• _About this task_
Write out exactly the lines from the start of the entries through the one that contains "Whirlpool Ψυγειοκαταψύκτης 367lt", including both.

(Data shown)

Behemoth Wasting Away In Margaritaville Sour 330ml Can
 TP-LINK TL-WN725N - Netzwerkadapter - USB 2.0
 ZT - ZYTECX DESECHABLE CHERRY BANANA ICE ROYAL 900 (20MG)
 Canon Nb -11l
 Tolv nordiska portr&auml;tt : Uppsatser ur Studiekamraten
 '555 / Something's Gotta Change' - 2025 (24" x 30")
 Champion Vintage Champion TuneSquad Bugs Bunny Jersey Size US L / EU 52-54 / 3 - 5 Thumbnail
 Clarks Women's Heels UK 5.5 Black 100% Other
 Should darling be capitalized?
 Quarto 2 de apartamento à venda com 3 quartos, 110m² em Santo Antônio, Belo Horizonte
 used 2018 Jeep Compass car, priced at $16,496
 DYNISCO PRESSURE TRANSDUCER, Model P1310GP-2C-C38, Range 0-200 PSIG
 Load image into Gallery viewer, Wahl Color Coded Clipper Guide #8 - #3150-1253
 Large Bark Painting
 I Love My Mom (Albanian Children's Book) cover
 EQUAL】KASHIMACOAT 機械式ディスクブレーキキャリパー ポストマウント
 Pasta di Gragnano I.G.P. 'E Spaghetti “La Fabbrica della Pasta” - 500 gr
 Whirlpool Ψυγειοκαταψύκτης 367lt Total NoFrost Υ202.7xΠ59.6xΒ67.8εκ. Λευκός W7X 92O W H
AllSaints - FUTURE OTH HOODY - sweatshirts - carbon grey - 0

(End Data shown)

• _Answer space_
Behemoth Wasting Away In Margaritaville Sour 330ml Can
 TP-LINK TL-WN725N - Netzwerkadapter - USB 2.0
 ZT - ZYTECX DESECHABLE CHERRY BANANA ICE ROYAL 900 (20MG)
 Canon Nb -11l
 Tolv nordiska portr&auml;tt : Uppsatser ur Studiekamraten
 '555 / Something's Gotta Change' - 2025 (24" x 30")
 Champion Vintage Champion TuneSquad Bugs Bunny Jersey Size US L / EU 52-54 / 3 - 5 Thumbnail
 Clarks Women's Heels UK 5.5 Black 100% Other
 Should darling be capitalized?
 Quarto 2 de apartamento à venda com 3 quartos, 110m² em Santo Antônio, Belo Horizonte
 used 2018 Jeep Compass car, priced at $16,496
 DYNISCO PRESSURE TRANSDUCER, Model P1310GP-2C-C38, Range 0-200 PSIG
 Load image into Gallery viewer, Wahl Color Coded Clipper Guide #8 - #3150-1253
 Large Bark Painting
 I Love My Mom (Albanian Children's Book) cover
 EQUAL】KASHIMACOAT 機械式ディスクブレーキキャリパー ポストマウント
 Pasta di Gragnano I.G.P. 'E Spaghetti “La Fabbrica della Pasta” - 500 gr
 Whirlpool Ψυγειοκαταψύκτης 367lt Total NoFrost Υ202.7xΠ59.6xΒ67.8εκ. Λευκός W7X 92O W H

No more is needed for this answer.